I would like you to output every record below exactly, apart from the pictures.

====== DATA FOR THIS EXERCISE ======

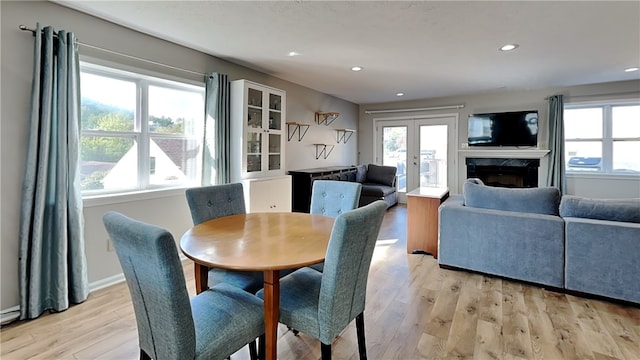 dining space with light hardwood / wood-style floors, a healthy amount of sunlight, and a premium fireplace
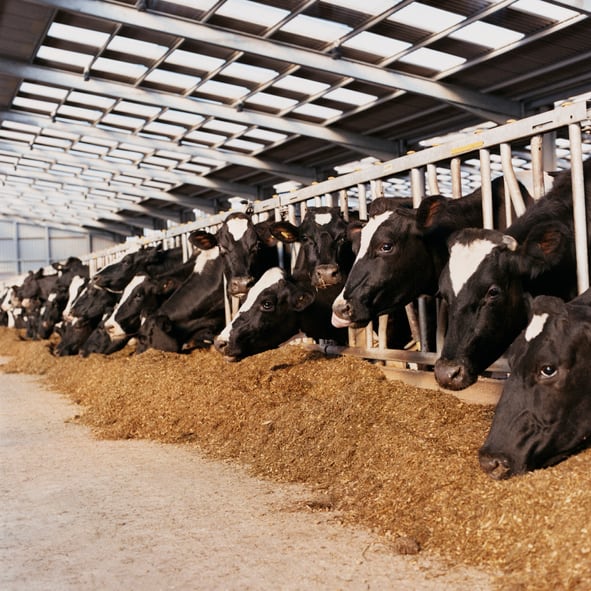Rapeseed-cake-offers-promise-as-methane-emissions-busting-tool-in-dairy-cow-production.jpg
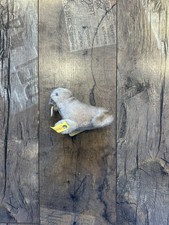 TOP! Steiff 1474/10 Robbe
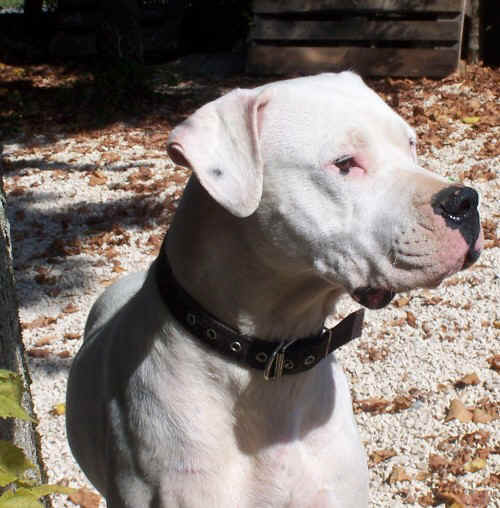  La je fais ma belle...  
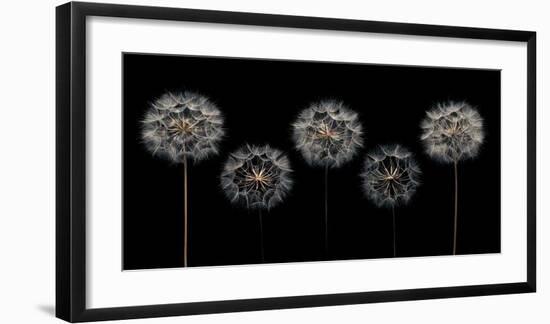 Make A Wish-Assaf Frank-Framed Giclee Print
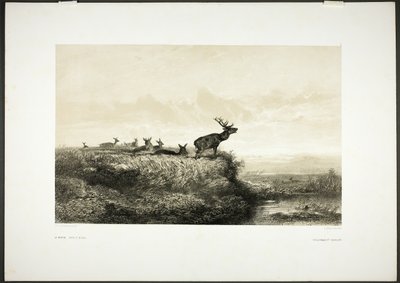 Il mattino: Cervi e cerbiatti da Karl Bodmer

======

RESULT OF THIS EXERCISE —
 dining space with light hardwood / wood-style floors, a healthy amount of sunlight, and a premium fireplace
Rapeseed-cake-offers-promise-as-methane-emissions-busting-tool-in-dairy-cow-production.jpg
 TOP! Steiff 1474/10 Robbe
  La je fais ma belle...  
 Make A Wish-Assaf Frank-Framed Giclee Print
 Il mattino: Cervi e cerbiatti da Karl Bodmer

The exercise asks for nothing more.